**The task**
From the listing below, pull each line that includes "Change".

☆ ☆ ☆ ☆ ☆

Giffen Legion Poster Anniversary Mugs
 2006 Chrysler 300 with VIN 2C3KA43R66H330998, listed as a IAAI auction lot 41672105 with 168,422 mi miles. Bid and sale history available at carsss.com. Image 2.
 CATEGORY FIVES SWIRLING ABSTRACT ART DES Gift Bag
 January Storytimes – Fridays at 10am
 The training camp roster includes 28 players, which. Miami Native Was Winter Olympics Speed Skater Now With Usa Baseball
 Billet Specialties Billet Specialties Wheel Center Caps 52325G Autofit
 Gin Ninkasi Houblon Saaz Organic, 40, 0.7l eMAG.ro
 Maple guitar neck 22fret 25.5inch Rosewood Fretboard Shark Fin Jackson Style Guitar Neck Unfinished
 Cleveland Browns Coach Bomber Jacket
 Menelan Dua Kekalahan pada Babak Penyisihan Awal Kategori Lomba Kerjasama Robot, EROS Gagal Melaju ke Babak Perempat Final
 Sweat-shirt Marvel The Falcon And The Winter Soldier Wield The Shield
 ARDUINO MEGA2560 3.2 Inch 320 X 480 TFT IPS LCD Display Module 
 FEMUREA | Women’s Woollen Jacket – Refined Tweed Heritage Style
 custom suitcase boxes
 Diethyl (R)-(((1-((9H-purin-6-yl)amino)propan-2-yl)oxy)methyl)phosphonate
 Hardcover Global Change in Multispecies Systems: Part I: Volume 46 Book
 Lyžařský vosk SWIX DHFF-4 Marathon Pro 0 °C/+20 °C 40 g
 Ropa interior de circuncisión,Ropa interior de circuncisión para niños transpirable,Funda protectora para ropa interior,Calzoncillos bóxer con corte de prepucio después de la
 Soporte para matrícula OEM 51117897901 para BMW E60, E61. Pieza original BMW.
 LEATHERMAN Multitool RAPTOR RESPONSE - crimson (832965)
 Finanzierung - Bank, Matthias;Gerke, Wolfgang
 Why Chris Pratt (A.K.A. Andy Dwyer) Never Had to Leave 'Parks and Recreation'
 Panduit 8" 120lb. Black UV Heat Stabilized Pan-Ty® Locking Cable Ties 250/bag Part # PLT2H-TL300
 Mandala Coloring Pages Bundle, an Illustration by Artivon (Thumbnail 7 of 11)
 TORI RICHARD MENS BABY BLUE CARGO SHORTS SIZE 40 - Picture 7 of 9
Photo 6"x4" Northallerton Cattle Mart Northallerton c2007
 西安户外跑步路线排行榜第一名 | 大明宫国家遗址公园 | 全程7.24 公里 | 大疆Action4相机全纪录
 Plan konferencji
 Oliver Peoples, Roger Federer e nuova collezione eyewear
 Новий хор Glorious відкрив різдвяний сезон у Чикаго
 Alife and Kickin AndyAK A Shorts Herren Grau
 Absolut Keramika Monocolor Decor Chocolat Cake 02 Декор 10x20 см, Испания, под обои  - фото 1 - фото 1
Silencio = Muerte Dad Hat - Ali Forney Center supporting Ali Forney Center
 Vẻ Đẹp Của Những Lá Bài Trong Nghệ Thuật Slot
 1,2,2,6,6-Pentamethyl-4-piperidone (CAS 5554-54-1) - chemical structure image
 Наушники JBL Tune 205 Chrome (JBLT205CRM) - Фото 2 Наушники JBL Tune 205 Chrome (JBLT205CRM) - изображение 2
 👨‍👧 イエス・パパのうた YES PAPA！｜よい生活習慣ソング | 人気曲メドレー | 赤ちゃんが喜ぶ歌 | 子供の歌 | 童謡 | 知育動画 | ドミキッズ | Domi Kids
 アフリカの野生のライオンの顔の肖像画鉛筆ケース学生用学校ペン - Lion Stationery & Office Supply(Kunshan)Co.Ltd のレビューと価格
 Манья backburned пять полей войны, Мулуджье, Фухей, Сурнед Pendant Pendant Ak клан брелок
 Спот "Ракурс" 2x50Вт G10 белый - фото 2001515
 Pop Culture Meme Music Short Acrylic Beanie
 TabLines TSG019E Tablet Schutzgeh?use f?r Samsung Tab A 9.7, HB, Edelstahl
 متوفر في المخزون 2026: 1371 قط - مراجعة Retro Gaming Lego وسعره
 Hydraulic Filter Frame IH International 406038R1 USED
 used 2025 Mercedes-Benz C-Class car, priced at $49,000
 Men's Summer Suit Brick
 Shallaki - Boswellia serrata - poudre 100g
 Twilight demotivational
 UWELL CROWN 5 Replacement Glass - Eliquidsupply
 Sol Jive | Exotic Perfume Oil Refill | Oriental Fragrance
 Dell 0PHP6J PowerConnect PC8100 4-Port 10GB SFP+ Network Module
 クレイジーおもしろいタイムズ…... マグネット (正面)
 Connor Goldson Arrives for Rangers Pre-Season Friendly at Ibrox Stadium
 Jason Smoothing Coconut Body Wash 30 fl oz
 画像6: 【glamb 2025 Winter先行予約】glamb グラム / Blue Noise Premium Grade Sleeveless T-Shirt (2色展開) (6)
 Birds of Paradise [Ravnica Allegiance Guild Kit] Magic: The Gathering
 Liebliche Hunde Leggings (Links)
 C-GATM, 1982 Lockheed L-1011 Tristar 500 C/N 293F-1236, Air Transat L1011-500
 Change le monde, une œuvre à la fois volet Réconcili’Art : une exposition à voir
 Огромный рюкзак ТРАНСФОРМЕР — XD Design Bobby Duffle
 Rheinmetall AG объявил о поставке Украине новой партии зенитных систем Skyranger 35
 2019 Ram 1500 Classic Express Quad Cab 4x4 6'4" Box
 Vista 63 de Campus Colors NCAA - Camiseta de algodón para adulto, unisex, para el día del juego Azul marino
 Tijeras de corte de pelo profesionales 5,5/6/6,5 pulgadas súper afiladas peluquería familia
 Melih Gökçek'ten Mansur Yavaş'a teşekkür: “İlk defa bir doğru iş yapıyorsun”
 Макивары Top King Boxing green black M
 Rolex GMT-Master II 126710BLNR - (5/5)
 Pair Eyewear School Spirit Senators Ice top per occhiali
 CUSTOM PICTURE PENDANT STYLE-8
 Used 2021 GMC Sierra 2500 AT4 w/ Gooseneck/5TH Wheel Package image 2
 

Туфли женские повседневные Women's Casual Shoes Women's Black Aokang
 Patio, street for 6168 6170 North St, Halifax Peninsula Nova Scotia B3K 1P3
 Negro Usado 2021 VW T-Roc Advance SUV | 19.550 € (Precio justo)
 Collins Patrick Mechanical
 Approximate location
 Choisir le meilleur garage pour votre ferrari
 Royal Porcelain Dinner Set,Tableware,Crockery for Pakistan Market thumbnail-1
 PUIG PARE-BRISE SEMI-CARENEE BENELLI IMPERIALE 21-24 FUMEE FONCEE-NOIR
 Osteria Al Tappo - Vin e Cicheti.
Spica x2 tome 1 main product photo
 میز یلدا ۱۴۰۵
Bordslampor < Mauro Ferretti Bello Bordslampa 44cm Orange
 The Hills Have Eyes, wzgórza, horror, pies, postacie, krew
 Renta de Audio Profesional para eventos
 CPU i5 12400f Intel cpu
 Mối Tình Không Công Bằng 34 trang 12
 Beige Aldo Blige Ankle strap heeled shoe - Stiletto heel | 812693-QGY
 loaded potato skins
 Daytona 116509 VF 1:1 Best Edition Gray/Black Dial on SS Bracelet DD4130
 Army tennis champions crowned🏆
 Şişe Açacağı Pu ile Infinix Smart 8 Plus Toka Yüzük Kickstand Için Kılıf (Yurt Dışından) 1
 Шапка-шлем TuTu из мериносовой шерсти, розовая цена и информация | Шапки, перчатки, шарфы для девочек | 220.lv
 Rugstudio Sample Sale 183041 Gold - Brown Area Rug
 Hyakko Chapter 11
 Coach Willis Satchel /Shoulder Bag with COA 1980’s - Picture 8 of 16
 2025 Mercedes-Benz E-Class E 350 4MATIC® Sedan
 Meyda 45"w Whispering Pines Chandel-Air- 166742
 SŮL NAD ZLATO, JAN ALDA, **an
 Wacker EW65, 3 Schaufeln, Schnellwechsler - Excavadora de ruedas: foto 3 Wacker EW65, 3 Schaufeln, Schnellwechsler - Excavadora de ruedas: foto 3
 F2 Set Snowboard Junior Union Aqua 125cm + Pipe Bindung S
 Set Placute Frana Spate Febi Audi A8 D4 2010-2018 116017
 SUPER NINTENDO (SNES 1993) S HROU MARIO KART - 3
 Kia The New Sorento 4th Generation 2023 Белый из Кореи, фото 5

☆ ☆ ☆ ☆ ☆

**Exercise answer**
 Hardcover Global Change in Multispecies Systems: Part I: Volume 46 Book
 Change le monde, une œuvre à la fois volet Réconcili’Art : une exposition à voir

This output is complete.